29 Dec 2011

Welcome rest day for Lakers after hectic start to season

2:50 pm on 29 December 2011

With egos badly bruised after losing their first two games of the regular season, the Los Angeles Lakers have enjoyed a rare day off having avoided their first 0-3 start since 1978.

The 16-time NBA champions were beaten 88-87 by the Chicago Bulls in their season opener then 100-91 by the Sacramento Kings before returning to winning ways with a 96-71 romp at home to the Utah Jazz on Wednesday.

Three games crammed into three hectic days at least ended on a winning note after many Lakers fans despaired while watching their team squander an 11-point lead against the Bulls and then look worryingly old and slow against the younger, faster Kings.

New Lakers coach Mike Brown was delighted to watch his players finally earn him a win and he rewarded them with a day off, their first since training began on December 9th.

The Lakers have been perennial championship contenders in recent years with All-Star guard Kobe Bryant and Spanish forward Pau Gasol leading the way but their fans were hardly encouraged by the moves made, or not made, during the offseason.

Inspirational coach Phil Jackson retired and disgruntled forward Lamar Odom, the league's best bench player last season, asked to be traded to the NBA champion Dallas Mavericks.

Odom had felt more than slighted when he and Gasol were part of a three-club deal that would have brought four-time All-Star Chris Paul to the Lakers, only for that trade to be blocked by the NBA.

Paul ended up moving to Los Angeles, but he instead linked up with the once lowly Clippers who instantly became the talk of the town as genuine title contenders with former All Stars Chauncey Billups and Caron Butler also joining the franchise.

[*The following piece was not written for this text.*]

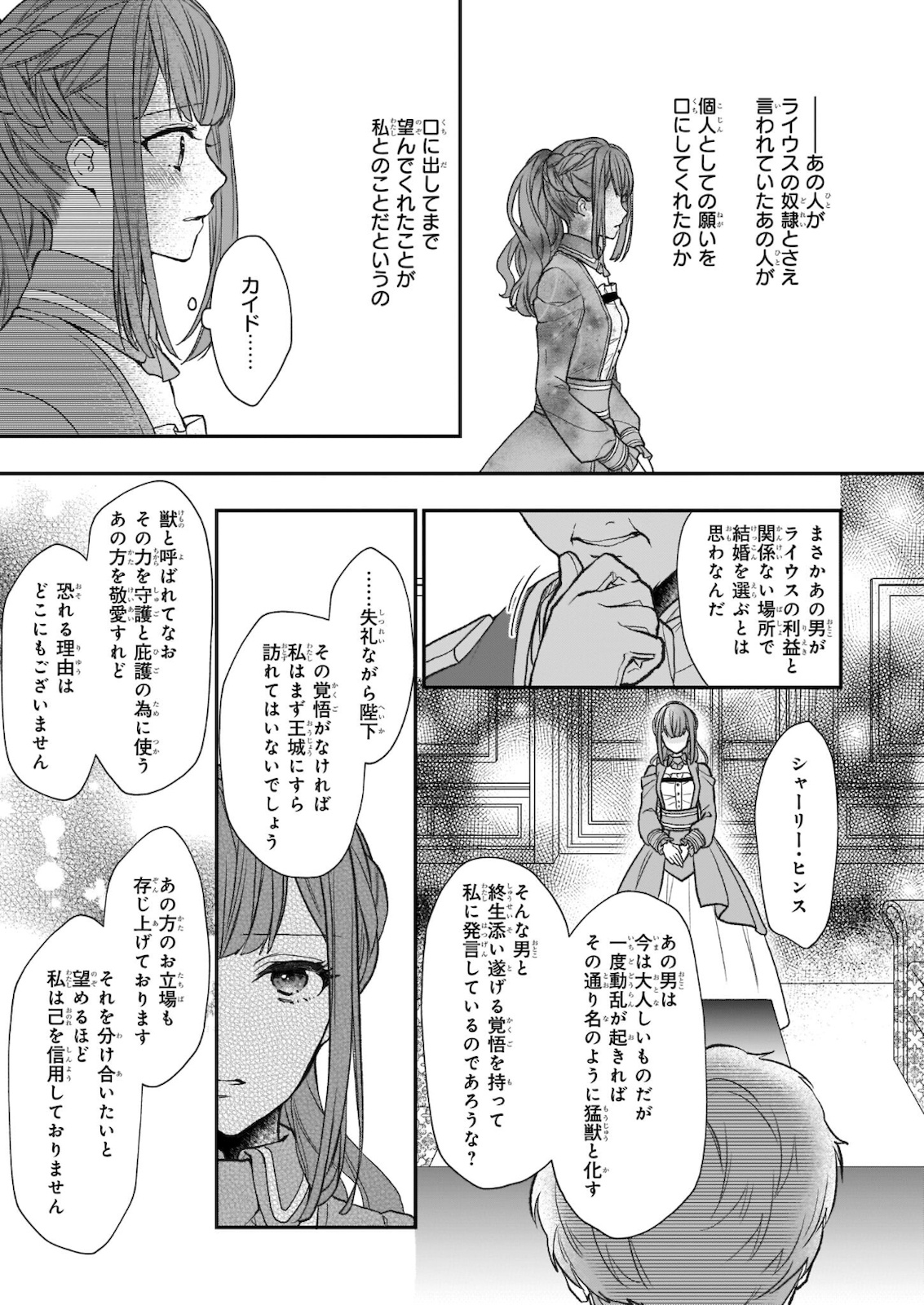 Ookami Ryoushu No Ojou-sama - Chapter 22.2 - Page 8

All of a sudden, the glitzy Lakers with their star-studded background and 'showtime' appeal were overshadowed by their city rivals.

Even worse, they knew they would be without Andrew Bynum for their first four games while the seven-foot center served a suspension imposed on him at the end of last season.

Erratically though the Lakers have begun this campaign, twice NBA Finals MVP Bryant has already seen enough from his team mates to believe they have the necessary grit to withstand whatever is thrown at them.

Bryant, who has guided the Lakers to five championships, says they're a very active team and a blue-collar team who will fight and scratch and claw for everything.

However, Bryant was relieved that the Lakers' back-to-back-to-back start, the only one to launch the 2011-12 NBA regular season, is now behind them.